With eSIMs, device manufacturers no longer need to include a physical SIM card slot, which simplifies the design and can reduce manufacturing costs. This space-saving aspect is particularly beneficial for compact IoT devices, such as wearable health monitors or smart sensors, where every millimeter counts.

Global cellular IoT connections grew by 27% year-on-year in 2022, significantly outpacing the overall growth rate, and now represent nearly 20% of all global IoT connections. According to GSMA Intelligence, there will be 5.8 billion licensed cellular IoT connections by 2030 across all SIM form factors.

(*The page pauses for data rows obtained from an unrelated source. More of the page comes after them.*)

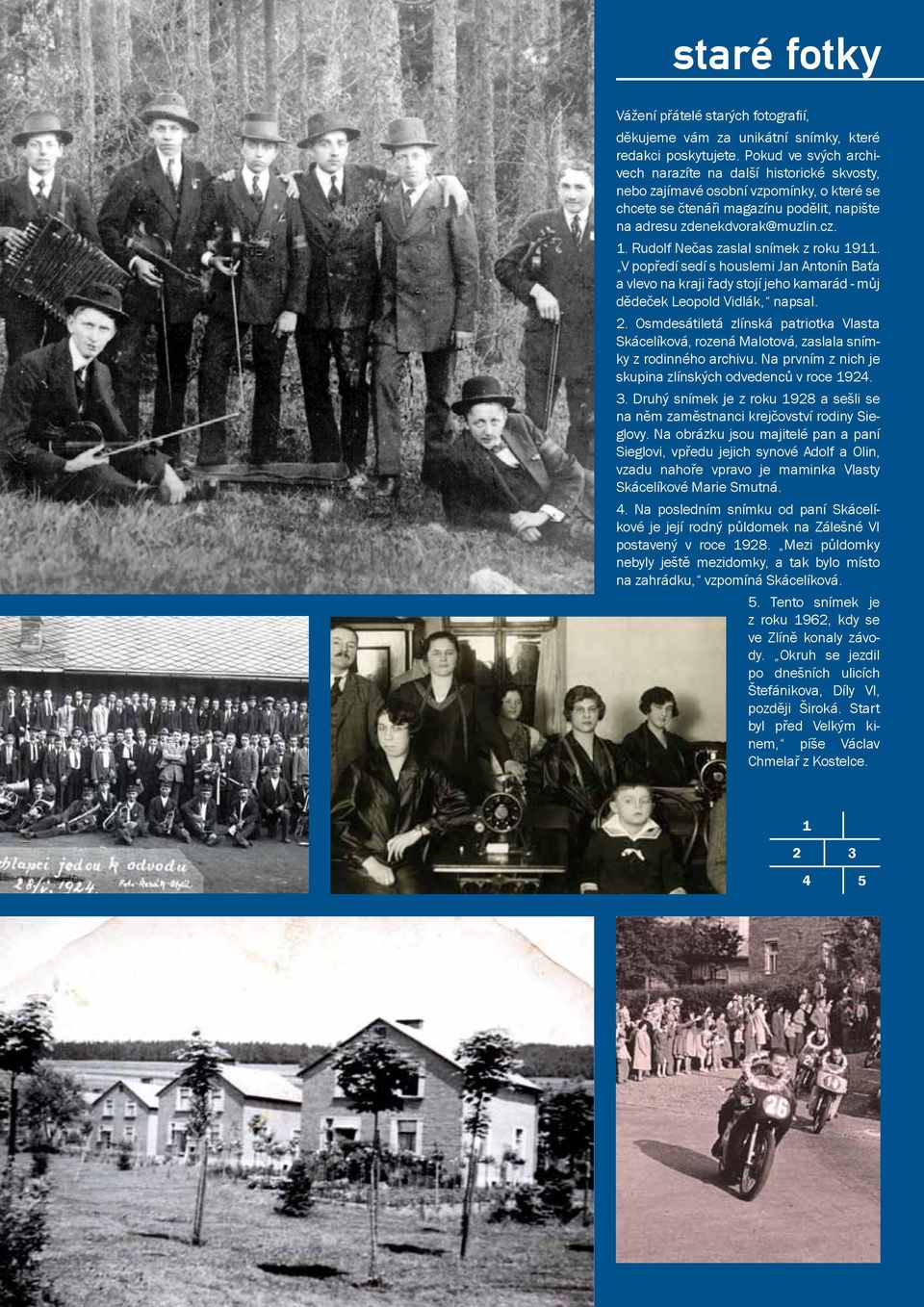 Rudolf Nečas zaslal snímek z roku 1911. V popředí sedí s houslemi Jan Antonín Baťa a vlevo na kraji řady stojí jeho kamarád - můj dědeček Leopold Vidlák, napsal. 2.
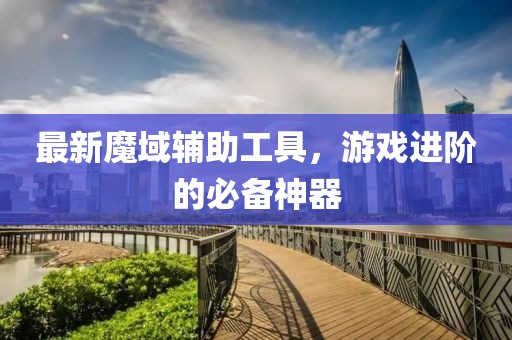 最新魔域辅助工具，游戏进阶的必备神器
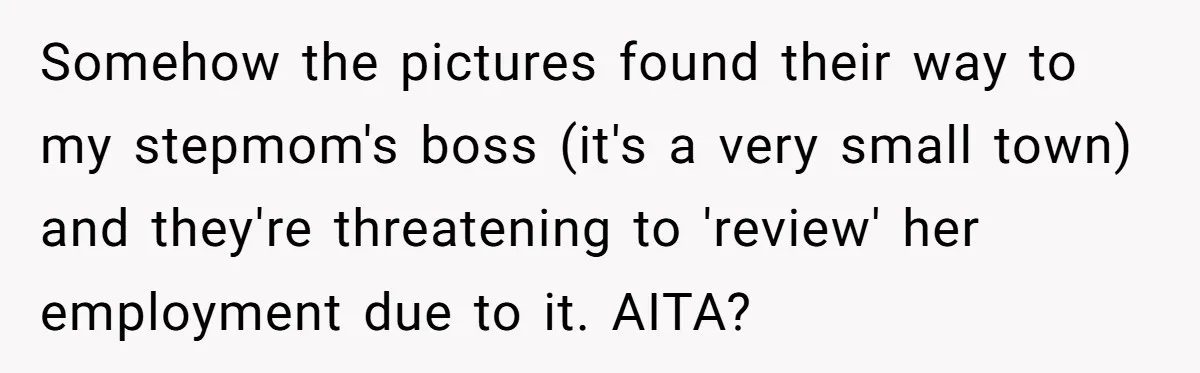 Somehow the pictures found their way to my stepmom's boss (it's a very small town) and they're threatening to 'review' her employment due to it. AITA?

As deployments increase, so does the demand for eSIM technology, which simplifies global connectivity and enhances security for IoT devices. This growth is expected to continue, with 83% of organizations recognizing eSIM as crucial to the success of future IoT deployments.

Key among these industry initiatives is the publication of GSMA’s eSIM IoT Specification (SGP.32), which is designed to extend the existing Remote Sim Provisioning architecture used for consumer devices to support IoT devices. Therefore, it is not a completely separate or dedicated RSP; rather, it allows the same consumer RSP infrastructure to handle IoT devices.

Advantages of eSIM in IoT

  • Flexibility and Remote Provisioning: One of the most significant advantages of eSIM technology is its ability to be remotely provisioned. This means that network operators can update the network credentials on the eSIM without physical access to the device. For IoT devices deployed in hard-to-reach or hazardous locations, this is a game-changer. For instance, updating the network settings on a fleet of smart meters across a city can be done remotely, saving time and reducing operational costs.
  • Enhanced Security: eSIMs offer enhanced security features compared to traditional SIM cards. They support secure authentication processes, reducing the risk of tampering and fraud. Additionally, eSIM profiles can be dynamically updated with the latest security protocols, ensuring that IoT devices remain protected against emerging threats.
  • Global Connectivity: For IoT devices that need to operate internationally, eSIMs provide a seamless solution for global connectivity. Devices can switch between different carriers and networks without the need for a new physical SIM card. This capability is particularly useful for logistics and transportation industries, where assets move across borders and need reliable connectivity throughout their journey.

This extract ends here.